** Editor’s Note: The title of this article has been changed after learning of the death of Cassandra Louise Baker, the production designer for “The Wanting Mare.” We offer our condolences to her friends and family.
“The Wanting Mare” could have been a classic. The feature film debut of Nicholas Ashe Bateman, who worked on the visual effects for “Save Yourselves!”, “Topside” and A24’s upcoming “The Green Knight,” has some incredible imagery and a unique approach to the fantasy genre.
It treats fantasy like the films “Children of Men” and “High Life” treated science fiction, replacing glamour with grit and making the otherworldly human with a large helping of despair. The glittering landscapes that other genre films would have fawned over are kept in the background, usually out of focus — they’re practically the only fantastical element on screen, too. There are no elves, wizards, goblins or talking animals. There are just people and a practically-forgotten dream of magic.
This could have worked. More than that — this could’ve been revolutionary. The film links the demise of magic with climate change through the setting: a permanently sweltering land called Whithren, which exports its horses on a factory ship to a frozen place named Levithen.
Characters constantly pine for the time “before,” when magic was real. That’s all they do, though. Pine, stare at one another, wander the sets and look off into the distance. The world-building is fascinating, but the story, or lack thereof, gives the viewer no reason to feel attached to any of it.
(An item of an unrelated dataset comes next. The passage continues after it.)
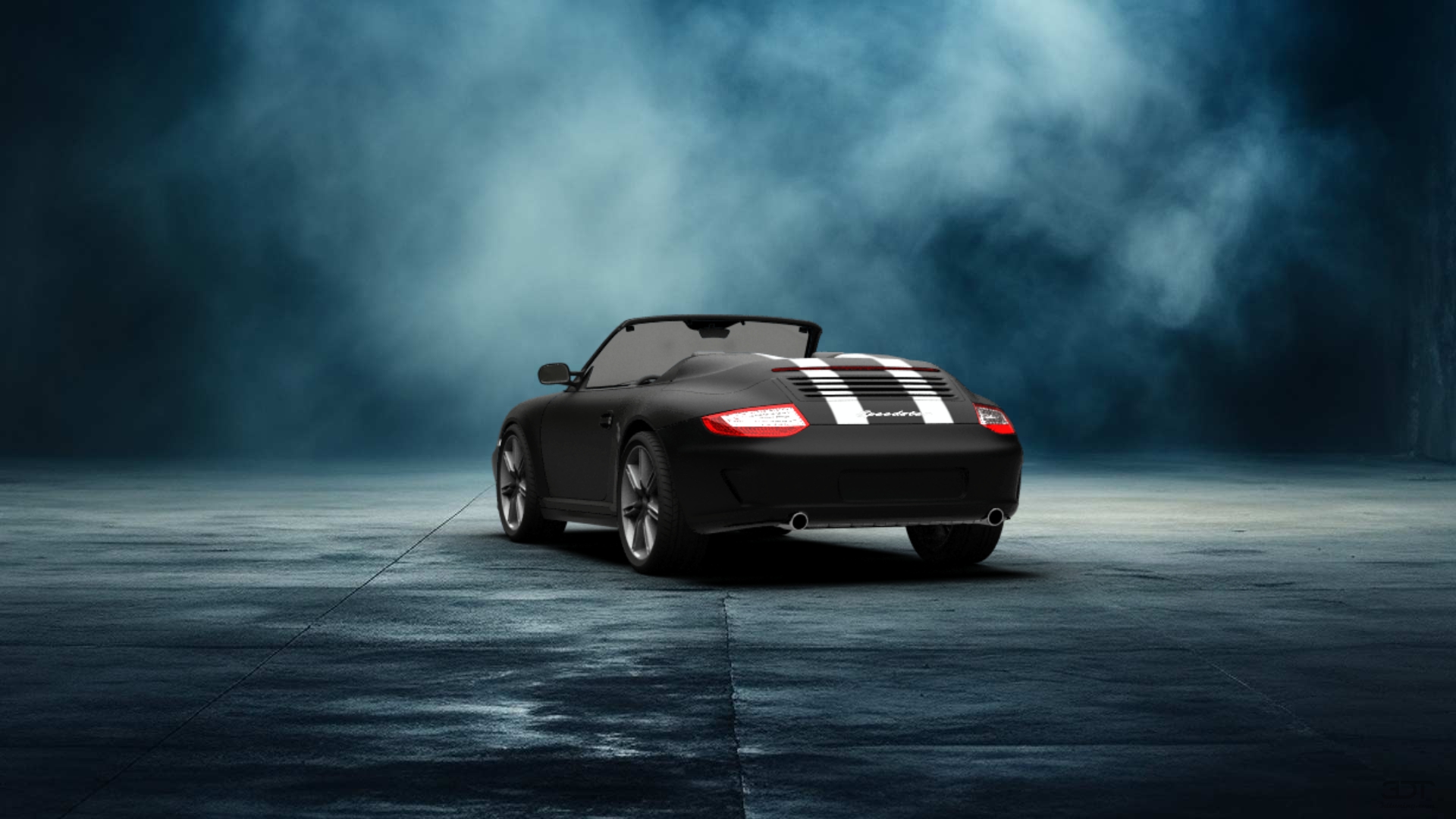 Porsche 911 Speedster Convertible 2011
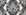Poet's Blossom Charcoal classic damask wallpaper in charcoal and ivory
“The Wanting Mare” centers around a woman named Moira, played by Jordan Monaghan (“FBI”). She has a magical dream every night, the same dream her mother, grandmother and generations of maternal ancestors have had for decades. Moira seeks a rare ticket to get on the horse boat, so she can escape Whithren. She meets a mysterious man named Lawrence (played by Bateman) who may be able to help her.
Sounds interesting, right? The film has a meticulous — some might say obsessive — devotion to its bare-bones, somber mood. This gives the first act a sense of bracing realism. Without swords or sorcery, Moira and Lawrence have room to build a relationship that feels true — straight out of a Noah Baumbach film. There’s also a gunfight that wouldn’t be out of place in “No Country for Old Men.” With this scaled-back approach, fantasy feels human, almost subversively so. There’s no Tolkien-esque over-exposition either. One has to decipher setting and character from dialogue, adding a layer of mystery.
Yet, the second-act time jump slashes this thread of intrigue to tatters. The viewer is left scrambling to figure out how much time has passed, who’s who (the cast changes) and what, if anything, has changed in Whithren through the years. When the movie finally makes this clear, many will have already checked out. The deluge of mystery ultimately drowns any chance for personal engagement. It’s hard to care when one knows next to nothing about the people on screen, who also aren’t given much depth or conflict beyond vague goals.
Characters drift from one conversation to another, and the few climactic moments don’t land because the time jump severed the film’s lifelines. There’s no thematic variation: just a static, one-note sense of desolation. There’s beautiful imagery, sure, but without an emotional core, the film is as cold as the Arctic expanse Moira so desperately wants to travel to.
The moments of visual transcendence and genuine innovation amount to little more than a confusing dreamscape that, like most, will slip through one’s fingers the second it ends.